--- DATA EXTRACT ---
-----

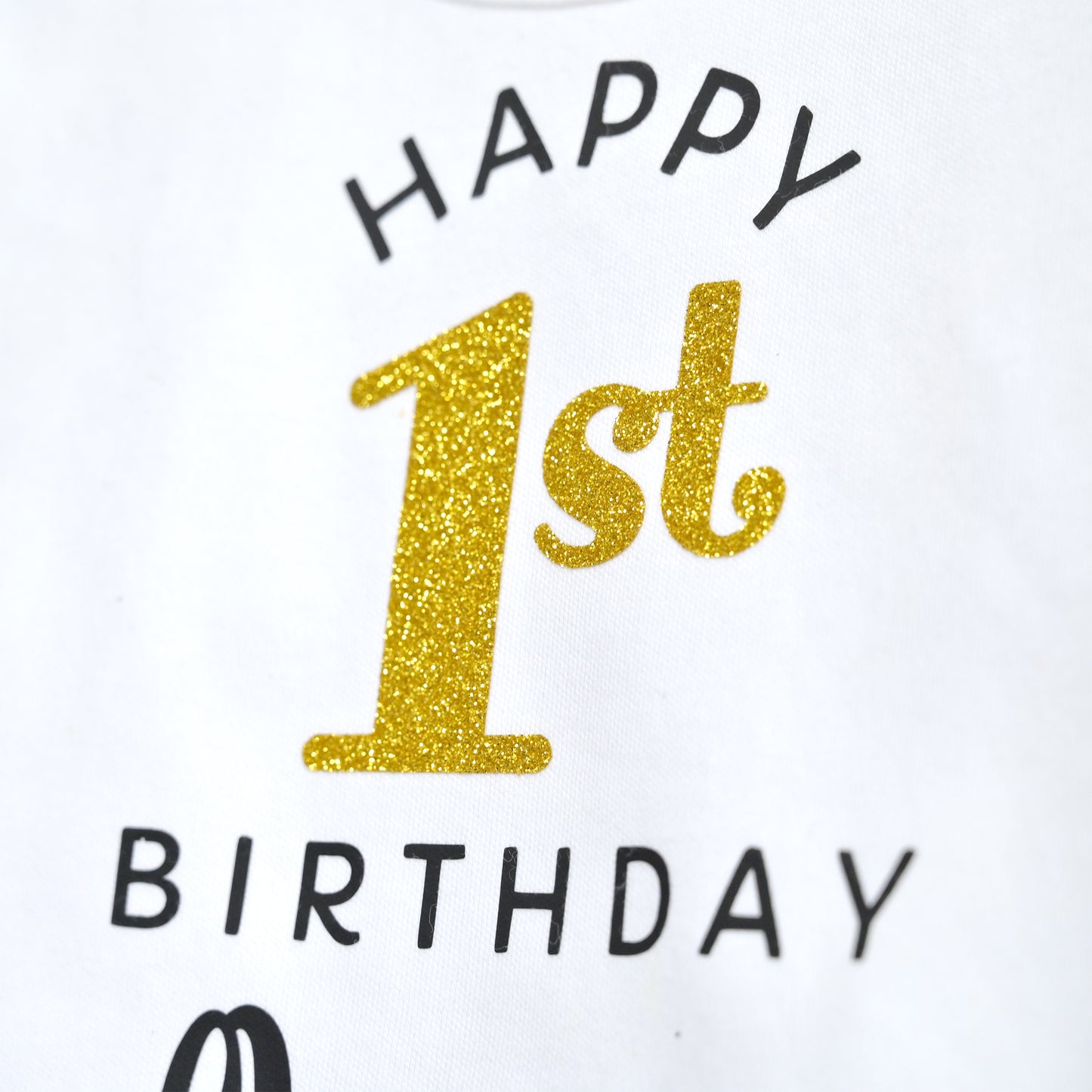 Close-up of a white garment printed with 'HAPPY 1st BIRTHDAY' in black and glittery gold lettering.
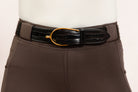 After Dark Brown Jod with the Patent Scalloped Spur Belt featuring a brass buckle on a white background, made by Freedman’s Harness.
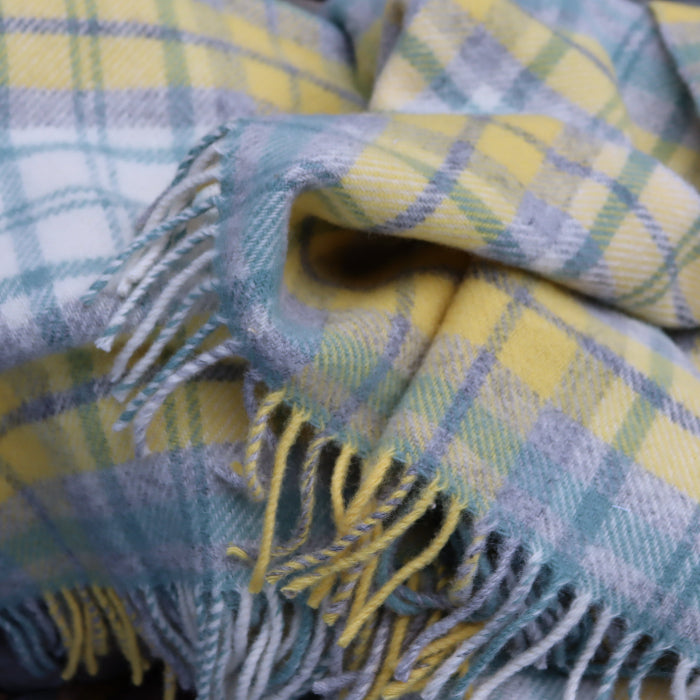 Plaid blanket with yellow, green and blue colors and fringed edges, draped over a stone background. 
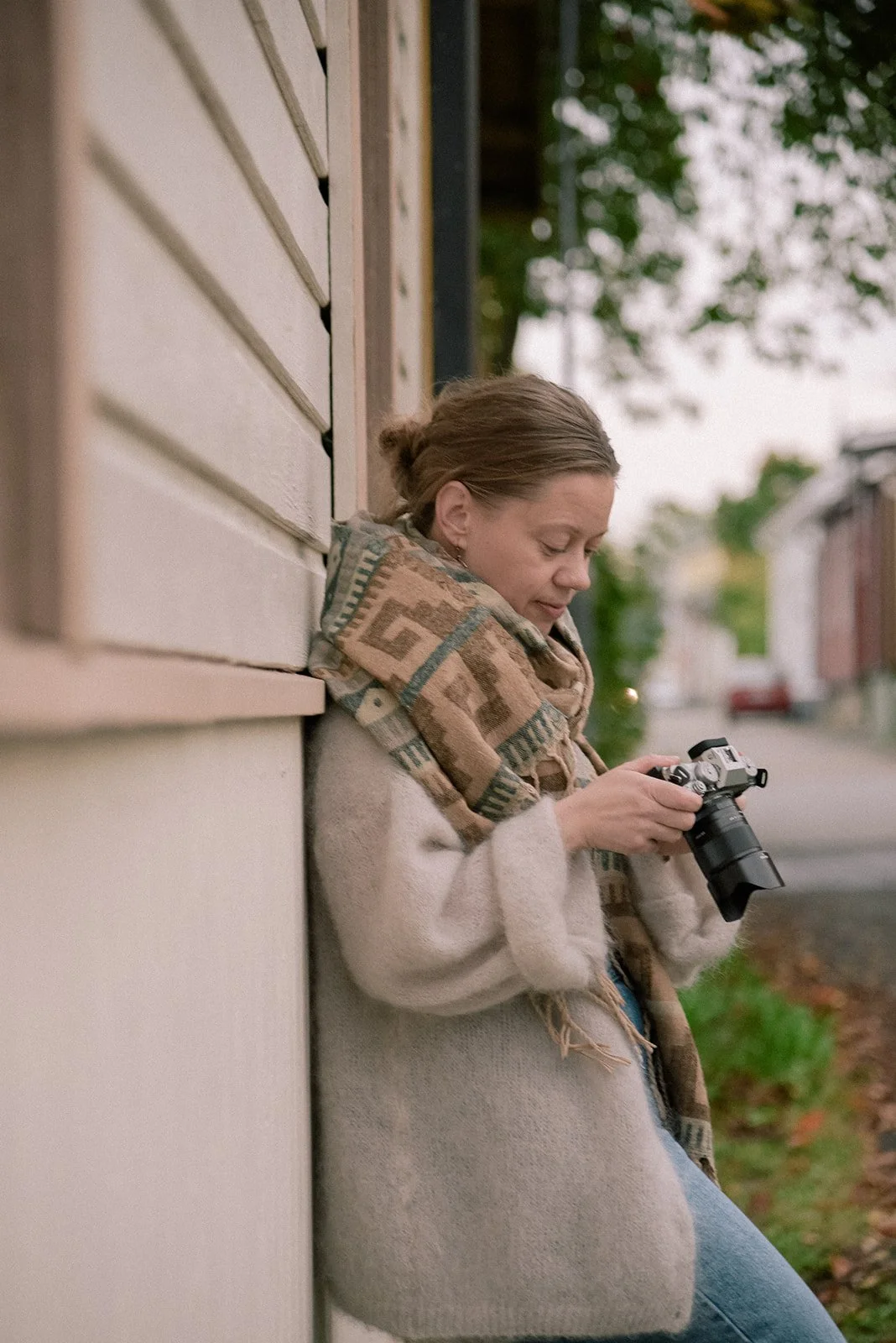 Yrityskuvaus idyllisessä puutalomaisemassa. Naisyrittäjä Laura Laakso nojaa talon seinään ja pitelee käsissään kameraa.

-----

--- ABOUT THIS TASK ---
Return all the data above as written, leaving out only the pictures.

--- ANSWER BOX ---
 Close-up of a white garment printed with 'HAPPY 1st BIRTHDAY' in black and glittery gold lettering.
 After Dark Brown Jod with the Patent Scalloped Spur Belt featuring a brass buckle on a white background, made by Freedman’s Harness.
 Plaid blanket with yellow, green and blue colors and fringed edges, draped over a stone background. 
 Yrityskuvaus idyllisessä puutalomaisemassa. Naisyrittäjä Laura Laakso nojaa talon seinään ja pitelee käsissään kameraa.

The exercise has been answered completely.